De la crise naît la nécessité de s’assembler, et de cette nécessité naît le plaisir de s’assembler. On y trouve son compte pour ses intérêts individuels et matériels, puis très vite, quelque chose se passe et la communauté d’intérêts devient une communauté de liens. (lu sur le blog de La Ruche qui dit Oui !).

La capacité à récréer du lien social est pour beaucoup dans l’engouement de nombreuses plateformes de consommation collaborative. Un avis que partagent de nombreux historiens et sociologues. Interrogée par Le Monde, Laurence Fontaine, historienne et directrice de recherche au CNRS voit dans le mouvement un rejet de l’économie capitaliste :

La crise, ou plus exactement l’appauvrissement, pousse les gens vers ces nouvelles formes d’échanges. Mais on peut également analyser ce mouvement comme un refus de la société de marché, commente-t-elle. Au XVIIIème siècle, les aristocrates payaient en objets et habits. L’arrivée de l’argent a été une libération des liens sociaux. Les hommes ont ainsi accédé à l’anonymat et à l’individualisme. Mais maintenant que ces valeurs ne sont plus portées aux nues, on cherche de nouveau à tisser du lien social avec d’autres moyens.

Stéphane Hugon, sociologue et cofondateur du cabinet Eranos, partage ce constat et envisage les implications économiques de ces évolutions :

Cette nouvelle consommation sonne le glas d’une approche de la société et des marchés à partir de « l’individu rationnel qui optimise sans contrainte ». A-t-il d’ailleurs jamais été rationnel ? (…) La consommation est ici largement motivée par une recherche de relation sociale qui vient épaissir le prétexte rationnel d’un geste qui n’est économique que par extension. C’est probablement toute notre culture économique qui s’en trouve modifiée.
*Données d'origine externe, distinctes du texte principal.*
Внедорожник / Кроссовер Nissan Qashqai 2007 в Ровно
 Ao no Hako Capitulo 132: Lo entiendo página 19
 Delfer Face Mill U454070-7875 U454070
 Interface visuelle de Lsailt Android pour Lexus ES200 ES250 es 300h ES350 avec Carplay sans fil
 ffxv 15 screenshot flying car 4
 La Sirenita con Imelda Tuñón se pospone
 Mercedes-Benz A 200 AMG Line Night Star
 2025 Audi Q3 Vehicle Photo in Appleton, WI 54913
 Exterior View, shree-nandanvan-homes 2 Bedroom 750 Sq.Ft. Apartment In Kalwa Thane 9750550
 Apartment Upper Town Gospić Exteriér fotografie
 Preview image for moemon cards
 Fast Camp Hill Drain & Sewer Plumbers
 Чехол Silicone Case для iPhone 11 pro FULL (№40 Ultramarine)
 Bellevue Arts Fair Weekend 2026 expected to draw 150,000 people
Erwan Lecoeur, sociologue, ancien Directeur de l’observatoire du débat Public développe l’idée que l’explication du succès de ces nouveaux comportements est à rechercher dans une quête de liens et de confiance en soi et en l’autre :

Avec ces nouveaux comportements, plusieurs attentes apparaissent, que l’on pourrait appréhender par la centralité du besoin du « lien », d’une qualité particulière et d’une confiance renouvelée.

Derrière les produits et les services concernés, c’est avant tout une nouvelle forme de relation, de partage qu’il s’agit de vivre. Plus qu’une simple proximité géographique, on peut y voir une recherche de relation affinitaire à nouer ; le besoin d’une rencontre réelle, d’un contact avec le producteur, l’inventeur, le fournisseur de biens ou de services. (…) On passe du bien à ce qu’il permet : un lien. (…) Le bonheur n’est pas contenu dans l’objet échangé, semblent dire des millions de nouveaux consommateurs mais dans l’acte d’échange et la rencontre qu’il permet.

Et d’envisager la propagation et la contagion du partage…

Ces formats d’échanges de produits et de services qui se développent  un peu à l’écart du monde de la grande consommation ne sont qu’embryonnaires ;  ils n’en ont pas moins beaucoup d’avenir. Parce qu’ils créent une convivialité, une confiance qui fait défaut à l’extérieur, ils attirent à eux de nombreux adeptes, intrigués par ces étranges manières, puis désireux de faire partie de cette petite société-là, au moins par bribes, par moments, par intérêt.

Et vous, vous trouvez que cette économie-là fait du sens? Couchsurfing, l’autopartage (entre particuliers), les AMAP, le coworking, le colunching, le troc de vêtements, le Booksurfing, le crowdfunding, … vous y croyez, ça vous parle, ça vous inspire ?

N’hésitez pas à me faire part de vos expériences et de vos commentaires !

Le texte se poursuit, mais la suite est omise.